◆ **What to produce**:
Word for word, set down every line of the entries below from the line with "Coven Of The" to the line with "Набір із 2 порцелянових", including both, and no other line.

++++++++++++++++++++

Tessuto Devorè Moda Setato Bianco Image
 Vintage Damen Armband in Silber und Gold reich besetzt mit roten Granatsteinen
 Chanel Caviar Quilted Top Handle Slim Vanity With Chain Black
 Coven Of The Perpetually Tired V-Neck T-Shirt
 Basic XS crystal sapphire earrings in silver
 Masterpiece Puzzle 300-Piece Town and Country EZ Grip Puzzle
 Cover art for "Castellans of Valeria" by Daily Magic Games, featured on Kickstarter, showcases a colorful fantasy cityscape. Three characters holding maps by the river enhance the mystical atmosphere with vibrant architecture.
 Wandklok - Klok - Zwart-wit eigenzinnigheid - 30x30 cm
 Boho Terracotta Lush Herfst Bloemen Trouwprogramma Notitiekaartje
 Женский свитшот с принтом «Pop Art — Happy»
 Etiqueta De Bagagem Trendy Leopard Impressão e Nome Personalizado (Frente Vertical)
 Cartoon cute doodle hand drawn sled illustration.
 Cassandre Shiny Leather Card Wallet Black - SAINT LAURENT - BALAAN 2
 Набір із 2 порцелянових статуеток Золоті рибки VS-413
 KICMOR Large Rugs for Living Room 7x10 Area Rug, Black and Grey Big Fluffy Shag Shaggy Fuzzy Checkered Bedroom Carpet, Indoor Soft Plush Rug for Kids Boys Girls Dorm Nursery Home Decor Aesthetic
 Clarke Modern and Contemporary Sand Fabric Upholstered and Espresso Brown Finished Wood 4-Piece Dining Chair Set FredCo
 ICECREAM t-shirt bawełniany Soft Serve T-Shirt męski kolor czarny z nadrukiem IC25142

++++++++++++++++++++

◆ **Result of this exercise**:
 Coven Of The Perpetually Tired V-Neck T-Shirt
 Basic XS crystal sapphire earrings in silver
 Masterpiece Puzzle 300-Piece Town and Country EZ Grip Puzzle
 Cover art for "Castellans of Valeria" by Daily Magic Games, featured on Kickstarter, showcases a colorful fantasy cityscape. Three characters holding maps by the river enhance the mystical atmosphere with vibrant architecture.
 Wandklok - Klok - Zwart-wit eigenzinnigheid - 30x30 cm
 Boho Terracotta Lush Herfst Bloemen Trouwprogramma Notitiekaartje
 Женский свитшот с принтом «Pop Art — Happy»
 Etiqueta De Bagagem Trendy Leopard Impressão e Nome Personalizado (Frente Vertical)
 Cartoon cute doodle hand drawn sled illustration.
 Cassandre Shiny Leather Card Wallet Black - SAINT LAURENT - BALAAN 2
 Набір із 2 порцелянових статуеток Золоті рибки VS-413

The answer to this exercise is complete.